> _Work request_: Below is a listing to write out in full, exactly as given, without its pictures.

> _Data below_:
══════════════════════════════

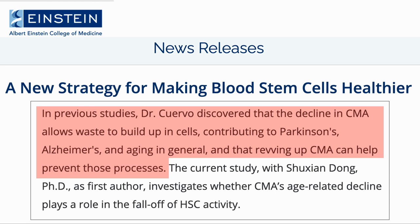CMA declines with age. And from a recent news release about Professor Cuervo's latest paper, we can see that the decline in CMA allows a buildup of waste in cells, which in particular contributes to Parkinson's and Alzheimer's, as well as aging in general. Promoting CMA helps to prevent this process.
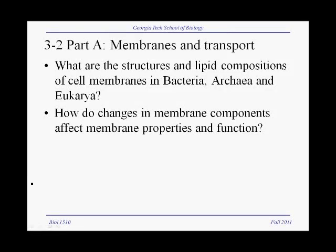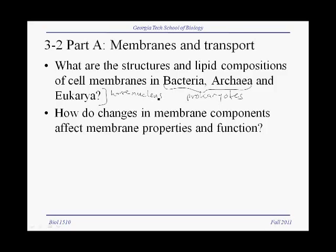In part A of this lecture, we'll talk about membranes and transport. The two major questions are: what are the structures and lipid compositions of cell membranes in bacteria, archaea, and eukarya? You should recall that bacteria and archaea are prokaryotes, meaning they have no real nucleus, and eukaryotes have nuclei. One important question is how changes in membrane components affect membrane properties and function, and of course transport is one of the most important functions of cell membranes.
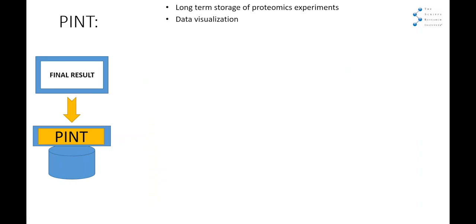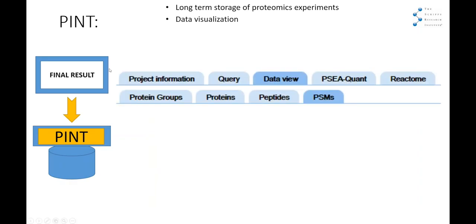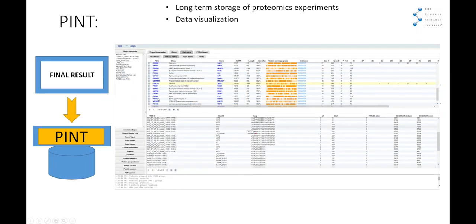Once the data is stored we want to visualize it. We have this data view where we have several levels of visualization: PSM level, peptide level, protein level, and also protein groups level. At the protein level you can see all the proteins with all information about them, and if you click on one protein you will see all the PSMs associated. At the peptide level you will see all the peptides, and if you click on one peptide you will see all the PSMs associated.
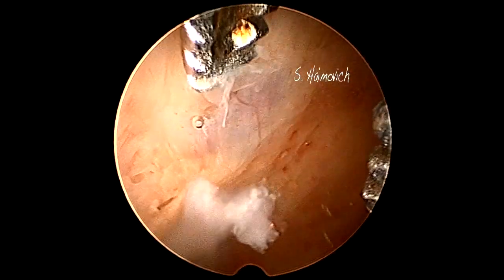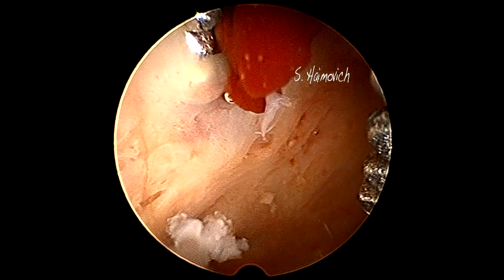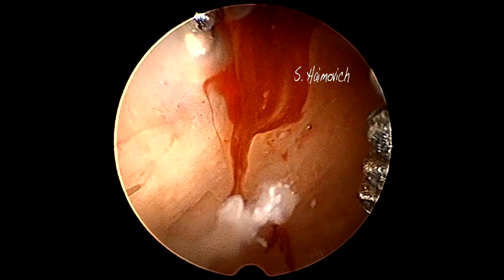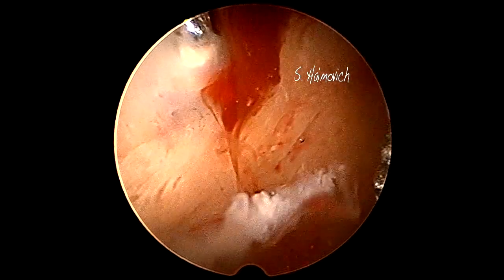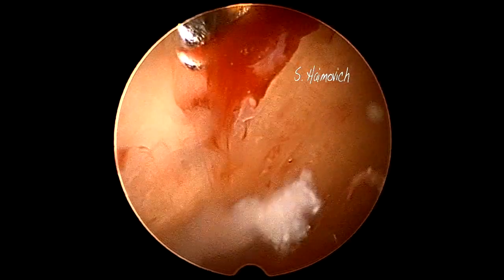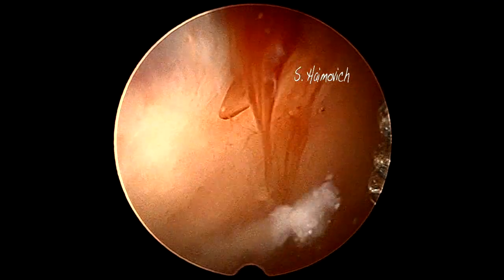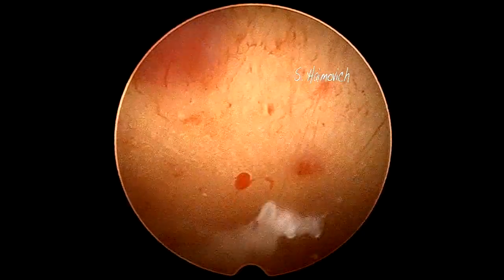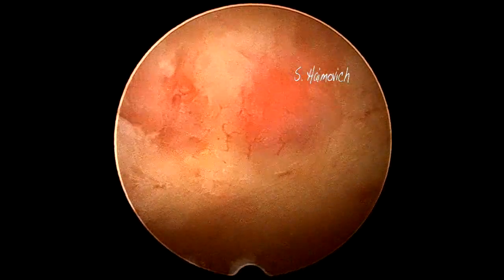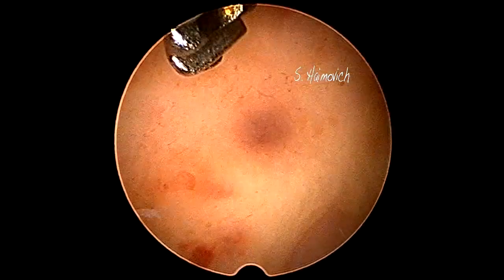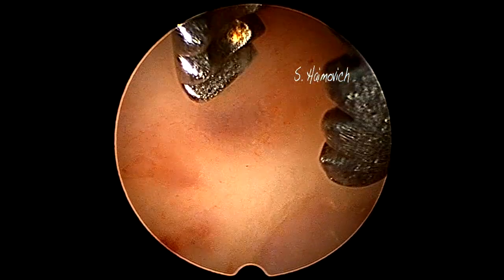When we open one of these dark spots with the grasper, a brownish, chocolate-like secretion comes out — it is old brown blood, responsible for abnormal uterine bleeding in some of the patients. Adenomyosis is the endometriosis of the uterine wall.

══════════════════════════════

> _Answer to the exercise_:
CMA declines with age. And from a recent news release about Professor Cuervo's latest paper, we can see that the decline in CMA allows a buildup of waste in cells, which in particular contributes to Parkinson's and Alzheimer's, as well as aging in general. Promoting CMA helps to prevent this process.
In part A of this lecture, we'll talk about membranes and transport. The two major questions are: what are the structures and lipid compositions of cell membranes in bacteria, archaea, and eukarya? You should recall that bacteria and archaea are prokaryotes, meaning they have no real nucleus, and eukaryotes have nuclei. One important question is how changes in membrane components affect membrane properties and function, and of course transport is one of the most important functions of cell membranes.
Once the data is stored we want to visualize it. We have this data view where we have several levels of visualization: PSM level, peptide level, protein level, and also protein groups level. At the protein level you can see all the proteins with all information about them, and if you click on one protein you will see all the PSMs associated. At the peptide level you will see all the peptides, and if you click on one peptide you will see all the PSMs associated.
When we open one of these dark spots with the grasper, a brownish, chocolate-like secretion comes out — it is old brown blood, responsible for abnormal uterine bleeding in some of the patients. Adenomyosis is the endometriosis of the uterine wall.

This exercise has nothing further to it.